Saturday, April 25, 2009

My House in Malibu

I need to make a short announcement. In the last few weeks, I was playing around with creating a new blog dedicated to my creative self. To be honest, as a child, I had always dreamed to become a published author… with my own house in Malibu, sipping my orange juice as I typed away on my laptop next to my swimming pool ump…I think I put to many possessives there.

OK, I haven’t attained writing fame, or a house with a swimming pool in Malibu. Although I can still have orange juice - even if it gives me heartburn! I also have my own laptop too, even if it has become rather slow lately. I am digressing big time, am I not? So, here goes my announcement:

New Blog Launched!

Yes, I launched a new blog called Zyhil. It’s the second best thing to attaining world fame as a best-selling author, don't you think? Sadly, I do lose out on the many luxuries and lavish lifestyle I could have had (sigh!)

But I should be more cheerful as this blog should complement my online book Cosmos Online which means I have 3 electronic offspring (without the need of changing any cyber-diapers).

Currently, most of Zyhil's contents have appeared before on this blog. However, I've recently added some new content and I hope to contribute to this blog on a regular basis in the future.

The latest posts I've added include a brief account of a boy living in the streets of a 'great city' entitled Street Boy. The other post is a poem dealing with the often painful experiences of love and contains personal reflections on the meaning of life. The poem is called Cinders but you got to read it to discover why I called it so. Enjoy!

Monday, April 20, 2009

The Aftermath - Europe now decided?

At last, some common sense prevailed following Italy's decision to take up the stranded immigrants as we read that they are being landed on Italian territory. Or did common sense really prevail?

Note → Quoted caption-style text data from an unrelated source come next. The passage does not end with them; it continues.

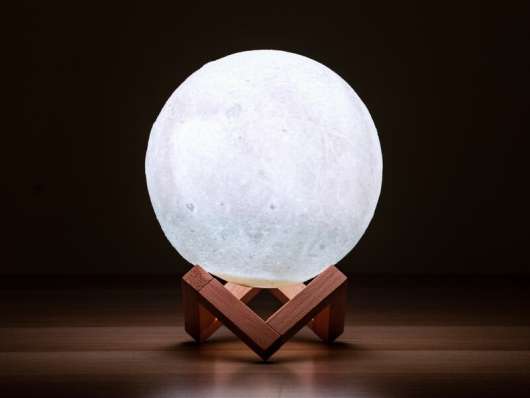 3D-månlampa - 15 cm - 16 Färger - Spralla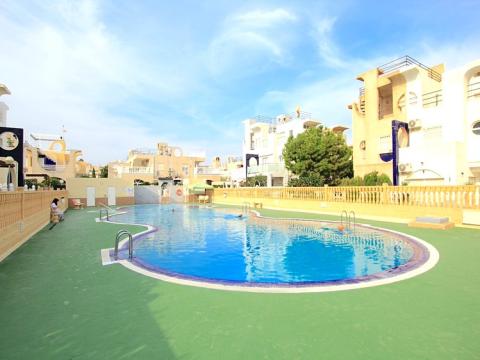 Prodej bytu 2+1, Torrevieja, Španělsko, 38 m2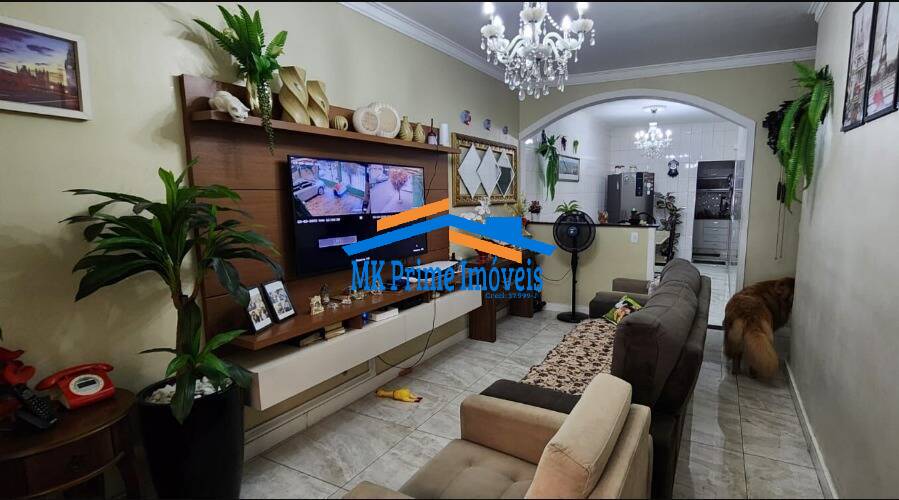 Casa à venda com 4 quartos, 140m² - Foto 2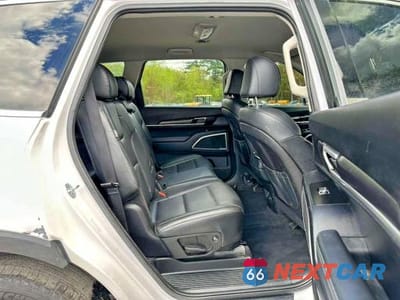 Piąte zdjęcie samochodu w środku: 2023 KIA TELLURIDE LX VIN:5XYP2DGC8PG353106 - miniatura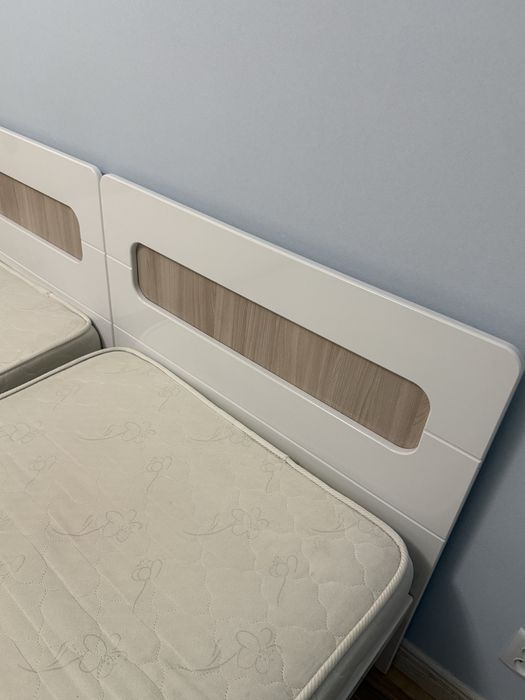 Односпальная кровать с матрасом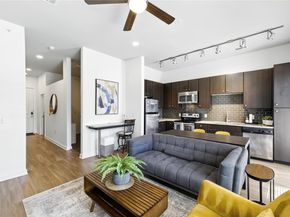 1900 Barton Springs RD 2003, Austin TX 78704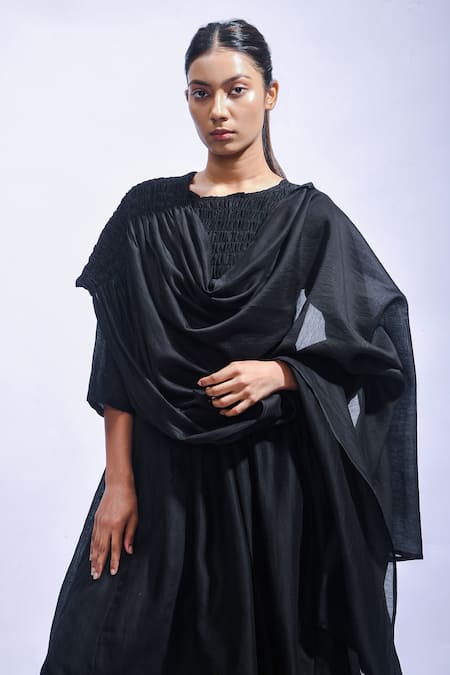 Buy_JAYATI GOENKA_Black Chanderi Silk Zari Round Neck Noir Rhythm Skirt Set 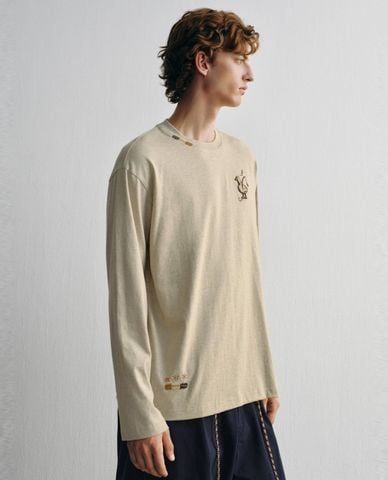  URBAN REVIVO - Áo thun nam cổ tròn tay dài thêu họa tiết 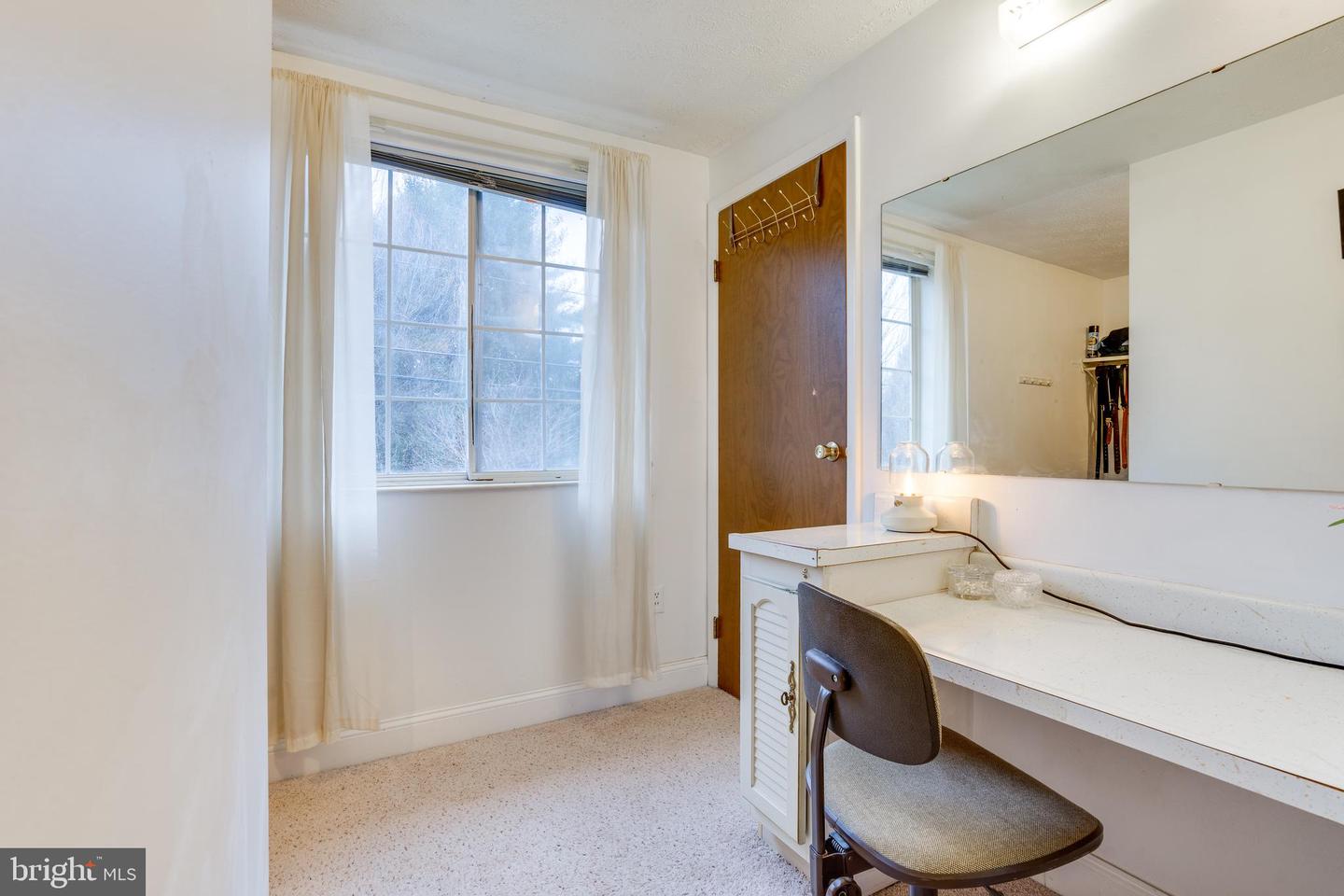 2851 EDGELEA RD, VIENNA, Virginia 22181, 4 Bedrooms Bedrooms, ,2 BathroomsBathrooms,Residential,For sale,2851 EDGELEA RD,VAFX2284158 MLS # VAFX2284158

Undeniably, it's good news that the people on the ship have been saved and are not at risk of starving or dehydration but the fact remains that the dispute between Italy and Malta is far from resolved and both countries will argue their case in front of the European Commission. However, I won't go into that in this post.

The fact is that I believe that the standoff is far more serious than the coverage it has received. In fact, if it had been simply a dispute over some unwanted cargo, then I wouldn't write about it at length. On the other hand, what was at stake here was human life - forget the definitions of these people set by international law for a minute. If neither Italy nor Malta had intervened, the result would have been far worse than a temporary strain in Italian-Maltese relations.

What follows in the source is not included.